We will substitute 2 for \[{n_1}\] and 3 for \[{n_2}\] in equation (1) to get the value of R in terms of wavelength \[\lambda \].
\[\begin{array}{c}
\dfrac{1}{\lambda } = R\left( {\dfrac{1}{{{2^2}}} - \dfrac{1}{{{3^2}}}} \right)\\
\dfrac{1}{\lambda } = \dfrac{5}{{36}}R\\
R = \dfrac{{36}}{5}\lambda
\end{array}\]

We can write the expression for wavelength emitted when an electron jumps from N-shell to L-shell.
\[\dfrac{1}{{\lambda '}} = R\left( {\dfrac{1}{{n_1^2}} - \dfrac{1}{{n_3^2}}} \right)\]
Here \[{n_3}\] is the quantum number for N-shell and \[\lambda '\] is the wavelength emitted when an electron jumps from N-shell to L-shell.
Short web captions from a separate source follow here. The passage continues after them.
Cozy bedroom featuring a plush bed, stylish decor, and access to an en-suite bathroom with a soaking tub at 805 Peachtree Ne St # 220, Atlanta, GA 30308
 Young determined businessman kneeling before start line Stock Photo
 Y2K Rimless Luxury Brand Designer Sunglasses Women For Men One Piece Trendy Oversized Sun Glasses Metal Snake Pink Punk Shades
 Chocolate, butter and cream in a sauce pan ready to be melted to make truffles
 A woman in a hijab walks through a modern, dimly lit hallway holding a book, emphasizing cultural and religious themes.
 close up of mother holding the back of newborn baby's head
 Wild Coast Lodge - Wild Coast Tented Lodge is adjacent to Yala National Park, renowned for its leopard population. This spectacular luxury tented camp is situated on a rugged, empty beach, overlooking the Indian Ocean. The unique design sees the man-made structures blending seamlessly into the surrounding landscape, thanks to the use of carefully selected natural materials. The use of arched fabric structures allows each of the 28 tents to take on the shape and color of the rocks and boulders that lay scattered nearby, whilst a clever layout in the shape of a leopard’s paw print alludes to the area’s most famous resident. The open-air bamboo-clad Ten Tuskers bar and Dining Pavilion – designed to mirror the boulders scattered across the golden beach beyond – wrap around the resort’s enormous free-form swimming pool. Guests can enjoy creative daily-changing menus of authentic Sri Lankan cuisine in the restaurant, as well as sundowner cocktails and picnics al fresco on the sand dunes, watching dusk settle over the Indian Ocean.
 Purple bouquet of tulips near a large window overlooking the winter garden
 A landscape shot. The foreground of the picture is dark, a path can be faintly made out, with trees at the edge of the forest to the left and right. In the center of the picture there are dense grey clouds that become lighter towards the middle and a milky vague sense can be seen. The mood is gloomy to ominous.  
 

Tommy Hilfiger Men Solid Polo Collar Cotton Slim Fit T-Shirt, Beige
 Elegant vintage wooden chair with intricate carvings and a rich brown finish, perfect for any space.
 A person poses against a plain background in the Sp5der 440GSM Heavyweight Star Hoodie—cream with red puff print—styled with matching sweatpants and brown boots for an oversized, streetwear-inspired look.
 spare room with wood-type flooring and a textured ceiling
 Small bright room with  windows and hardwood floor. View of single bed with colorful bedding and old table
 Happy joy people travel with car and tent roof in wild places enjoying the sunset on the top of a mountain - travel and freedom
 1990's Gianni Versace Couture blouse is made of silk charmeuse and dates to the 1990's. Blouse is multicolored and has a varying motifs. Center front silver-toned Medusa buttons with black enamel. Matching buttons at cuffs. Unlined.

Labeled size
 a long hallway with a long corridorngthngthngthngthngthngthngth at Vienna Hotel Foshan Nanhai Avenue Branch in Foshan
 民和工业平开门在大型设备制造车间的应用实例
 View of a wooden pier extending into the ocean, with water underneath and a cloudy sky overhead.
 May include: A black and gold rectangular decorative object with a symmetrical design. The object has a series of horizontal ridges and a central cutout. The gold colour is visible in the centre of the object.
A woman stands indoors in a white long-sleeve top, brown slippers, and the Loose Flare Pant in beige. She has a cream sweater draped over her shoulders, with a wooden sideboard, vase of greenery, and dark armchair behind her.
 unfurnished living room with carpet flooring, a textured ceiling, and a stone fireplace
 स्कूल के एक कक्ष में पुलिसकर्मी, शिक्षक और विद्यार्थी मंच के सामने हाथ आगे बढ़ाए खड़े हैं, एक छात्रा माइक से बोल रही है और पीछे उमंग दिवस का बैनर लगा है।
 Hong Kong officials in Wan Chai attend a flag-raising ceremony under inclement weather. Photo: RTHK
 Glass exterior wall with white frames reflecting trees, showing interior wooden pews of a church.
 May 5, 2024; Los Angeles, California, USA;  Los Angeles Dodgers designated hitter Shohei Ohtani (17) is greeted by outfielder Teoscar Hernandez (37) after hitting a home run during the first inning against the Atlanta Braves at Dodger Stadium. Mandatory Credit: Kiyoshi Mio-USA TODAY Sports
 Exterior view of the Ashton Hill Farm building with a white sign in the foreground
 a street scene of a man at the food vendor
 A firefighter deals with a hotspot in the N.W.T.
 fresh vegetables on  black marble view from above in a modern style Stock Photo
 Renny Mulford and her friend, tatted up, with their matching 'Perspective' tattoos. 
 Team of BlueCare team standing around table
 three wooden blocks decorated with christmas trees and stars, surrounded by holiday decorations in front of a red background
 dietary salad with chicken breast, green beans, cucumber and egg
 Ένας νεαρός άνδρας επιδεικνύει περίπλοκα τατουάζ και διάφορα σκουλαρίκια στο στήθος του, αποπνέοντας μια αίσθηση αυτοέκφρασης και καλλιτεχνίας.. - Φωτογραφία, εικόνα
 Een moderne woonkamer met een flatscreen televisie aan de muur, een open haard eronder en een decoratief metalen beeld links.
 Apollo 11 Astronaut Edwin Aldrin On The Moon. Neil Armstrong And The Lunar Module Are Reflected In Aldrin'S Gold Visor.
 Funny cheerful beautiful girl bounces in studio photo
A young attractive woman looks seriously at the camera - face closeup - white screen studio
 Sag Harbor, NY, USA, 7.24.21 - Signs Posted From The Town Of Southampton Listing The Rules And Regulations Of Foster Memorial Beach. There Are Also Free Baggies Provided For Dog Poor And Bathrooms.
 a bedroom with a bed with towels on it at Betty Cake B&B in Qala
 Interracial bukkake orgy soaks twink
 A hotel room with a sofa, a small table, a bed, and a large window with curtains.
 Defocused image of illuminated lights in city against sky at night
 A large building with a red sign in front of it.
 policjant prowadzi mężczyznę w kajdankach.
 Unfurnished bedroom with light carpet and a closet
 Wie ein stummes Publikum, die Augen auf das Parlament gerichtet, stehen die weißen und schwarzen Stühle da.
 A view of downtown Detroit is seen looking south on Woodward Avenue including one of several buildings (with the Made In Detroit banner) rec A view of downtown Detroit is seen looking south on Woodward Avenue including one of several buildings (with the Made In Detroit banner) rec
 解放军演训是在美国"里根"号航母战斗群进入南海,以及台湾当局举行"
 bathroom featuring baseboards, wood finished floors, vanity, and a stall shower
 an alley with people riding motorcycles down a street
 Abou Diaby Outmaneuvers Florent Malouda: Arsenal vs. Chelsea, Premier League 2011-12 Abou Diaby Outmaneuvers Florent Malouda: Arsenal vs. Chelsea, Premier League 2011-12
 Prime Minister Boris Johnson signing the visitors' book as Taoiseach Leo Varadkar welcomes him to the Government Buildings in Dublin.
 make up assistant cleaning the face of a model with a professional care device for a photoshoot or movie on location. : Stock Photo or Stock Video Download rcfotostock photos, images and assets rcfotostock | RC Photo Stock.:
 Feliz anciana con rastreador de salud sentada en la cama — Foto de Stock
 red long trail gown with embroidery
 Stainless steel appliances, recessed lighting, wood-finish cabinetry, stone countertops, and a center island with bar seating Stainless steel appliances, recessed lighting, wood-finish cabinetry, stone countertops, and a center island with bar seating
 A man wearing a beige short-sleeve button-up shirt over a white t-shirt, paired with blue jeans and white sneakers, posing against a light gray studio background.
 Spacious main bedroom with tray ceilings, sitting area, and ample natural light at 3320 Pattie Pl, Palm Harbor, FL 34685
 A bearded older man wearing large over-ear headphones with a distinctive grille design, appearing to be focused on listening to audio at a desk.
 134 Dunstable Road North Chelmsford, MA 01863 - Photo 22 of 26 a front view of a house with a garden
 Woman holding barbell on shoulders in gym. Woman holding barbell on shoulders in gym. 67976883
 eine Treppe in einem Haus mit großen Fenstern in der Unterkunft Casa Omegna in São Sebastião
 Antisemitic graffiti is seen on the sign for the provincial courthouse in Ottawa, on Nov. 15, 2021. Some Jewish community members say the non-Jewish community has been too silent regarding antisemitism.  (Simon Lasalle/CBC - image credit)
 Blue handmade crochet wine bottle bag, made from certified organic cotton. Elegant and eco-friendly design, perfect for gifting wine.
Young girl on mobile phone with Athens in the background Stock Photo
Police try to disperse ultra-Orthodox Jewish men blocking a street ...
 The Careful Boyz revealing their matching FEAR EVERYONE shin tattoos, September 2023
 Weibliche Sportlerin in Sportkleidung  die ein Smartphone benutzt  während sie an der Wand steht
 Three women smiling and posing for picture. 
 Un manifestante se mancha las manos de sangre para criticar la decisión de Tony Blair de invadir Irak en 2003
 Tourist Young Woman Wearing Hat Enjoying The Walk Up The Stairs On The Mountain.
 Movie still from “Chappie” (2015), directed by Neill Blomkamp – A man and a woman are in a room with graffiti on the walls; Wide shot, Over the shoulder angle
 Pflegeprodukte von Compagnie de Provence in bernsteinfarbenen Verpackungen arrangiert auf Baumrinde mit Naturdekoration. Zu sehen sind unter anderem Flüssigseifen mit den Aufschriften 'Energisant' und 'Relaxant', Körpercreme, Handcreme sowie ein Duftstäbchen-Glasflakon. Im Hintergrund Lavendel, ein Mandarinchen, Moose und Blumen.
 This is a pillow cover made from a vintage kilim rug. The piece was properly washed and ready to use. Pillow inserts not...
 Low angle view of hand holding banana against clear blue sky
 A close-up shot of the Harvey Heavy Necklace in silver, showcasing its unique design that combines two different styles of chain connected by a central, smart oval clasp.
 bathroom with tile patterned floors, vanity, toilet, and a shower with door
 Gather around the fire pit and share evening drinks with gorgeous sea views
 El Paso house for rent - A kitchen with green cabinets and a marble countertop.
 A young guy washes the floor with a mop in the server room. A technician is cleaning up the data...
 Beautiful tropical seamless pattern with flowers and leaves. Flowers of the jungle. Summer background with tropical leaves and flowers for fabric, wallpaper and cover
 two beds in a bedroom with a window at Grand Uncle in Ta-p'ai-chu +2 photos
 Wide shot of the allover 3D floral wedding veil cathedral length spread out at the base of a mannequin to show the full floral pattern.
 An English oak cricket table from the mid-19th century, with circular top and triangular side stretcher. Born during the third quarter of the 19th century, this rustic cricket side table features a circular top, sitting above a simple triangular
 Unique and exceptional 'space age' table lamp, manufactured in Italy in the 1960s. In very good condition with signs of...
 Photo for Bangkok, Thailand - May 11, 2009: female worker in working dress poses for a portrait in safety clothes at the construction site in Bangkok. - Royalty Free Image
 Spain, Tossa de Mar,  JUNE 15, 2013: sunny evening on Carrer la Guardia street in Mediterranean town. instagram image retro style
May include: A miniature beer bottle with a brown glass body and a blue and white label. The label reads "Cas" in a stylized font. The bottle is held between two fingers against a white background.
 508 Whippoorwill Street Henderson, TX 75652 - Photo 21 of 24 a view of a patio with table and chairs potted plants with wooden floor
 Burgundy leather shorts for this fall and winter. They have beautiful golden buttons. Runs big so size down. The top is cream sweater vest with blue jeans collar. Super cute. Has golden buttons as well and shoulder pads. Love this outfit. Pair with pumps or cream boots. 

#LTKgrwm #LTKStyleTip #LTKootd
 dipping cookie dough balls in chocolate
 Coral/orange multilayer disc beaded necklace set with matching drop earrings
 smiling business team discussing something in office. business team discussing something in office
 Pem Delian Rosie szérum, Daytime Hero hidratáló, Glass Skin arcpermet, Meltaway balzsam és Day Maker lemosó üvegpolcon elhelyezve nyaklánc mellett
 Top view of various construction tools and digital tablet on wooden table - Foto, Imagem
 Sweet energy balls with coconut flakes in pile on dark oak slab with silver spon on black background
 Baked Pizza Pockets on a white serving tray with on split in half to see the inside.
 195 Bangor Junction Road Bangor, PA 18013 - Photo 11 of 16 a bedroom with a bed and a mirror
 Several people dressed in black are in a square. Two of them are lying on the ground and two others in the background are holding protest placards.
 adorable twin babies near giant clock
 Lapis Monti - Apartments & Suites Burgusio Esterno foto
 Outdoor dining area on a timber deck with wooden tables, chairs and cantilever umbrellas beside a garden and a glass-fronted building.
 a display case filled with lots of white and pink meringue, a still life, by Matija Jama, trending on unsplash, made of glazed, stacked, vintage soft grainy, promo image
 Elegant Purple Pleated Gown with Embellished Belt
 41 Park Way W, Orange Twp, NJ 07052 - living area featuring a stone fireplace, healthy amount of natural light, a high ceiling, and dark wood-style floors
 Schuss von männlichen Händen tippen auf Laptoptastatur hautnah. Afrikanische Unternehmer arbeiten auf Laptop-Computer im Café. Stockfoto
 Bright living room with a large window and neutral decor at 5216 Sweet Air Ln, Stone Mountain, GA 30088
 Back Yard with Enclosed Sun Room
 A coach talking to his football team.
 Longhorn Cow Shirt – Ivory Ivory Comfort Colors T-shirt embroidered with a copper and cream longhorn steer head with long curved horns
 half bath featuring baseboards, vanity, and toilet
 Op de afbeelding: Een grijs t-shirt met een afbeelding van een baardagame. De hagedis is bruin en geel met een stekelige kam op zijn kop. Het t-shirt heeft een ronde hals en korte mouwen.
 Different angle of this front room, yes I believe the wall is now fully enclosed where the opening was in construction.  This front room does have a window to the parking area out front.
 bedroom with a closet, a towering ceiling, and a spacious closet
We know that the quantum number for shell N is given as:
\[{n_3} = 4\]

We will substitute 2 for \[{n_1}\] and 4 for \[{n_2}\] in the above expression to get the value of R in terms of wavelength \[\lambda \].
\[\begin{array}{c}
\dfrac{1}{{\lambda '}} = R\left( {\dfrac{1}{{{2^2}}} - \dfrac{1}{{{4^2}}}} \right)\\
\dfrac{1}{{\lambda '}} = \dfrac{3}{{16}}R
\end{array}\]

We will substitute \[\dfrac{{36}}{5}\lambda \] for R in the above expression to get the final expression for wavelength \[\lambda '\].
\[\begin{array}{c}
\dfrac{1}{{\lambda '}} = \dfrac{3}{{16}}\left( {\dfrac{{36}}{5}\lambda } \right)\\
\lambda ' = \dfrac{{20}}{{27}}\lambda
\end{array}\]

Therefore, the wavelength of the emitted radiation when an electron jumps from N-shell to L-shell is \[\dfrac{{20}}{{27}}\lambda \], and option (C) is correct.

Note:We can remember the quantum number of different shells when an electron jumps from one shell to another shell by releasing radiation energy to solve similar kinds of problems.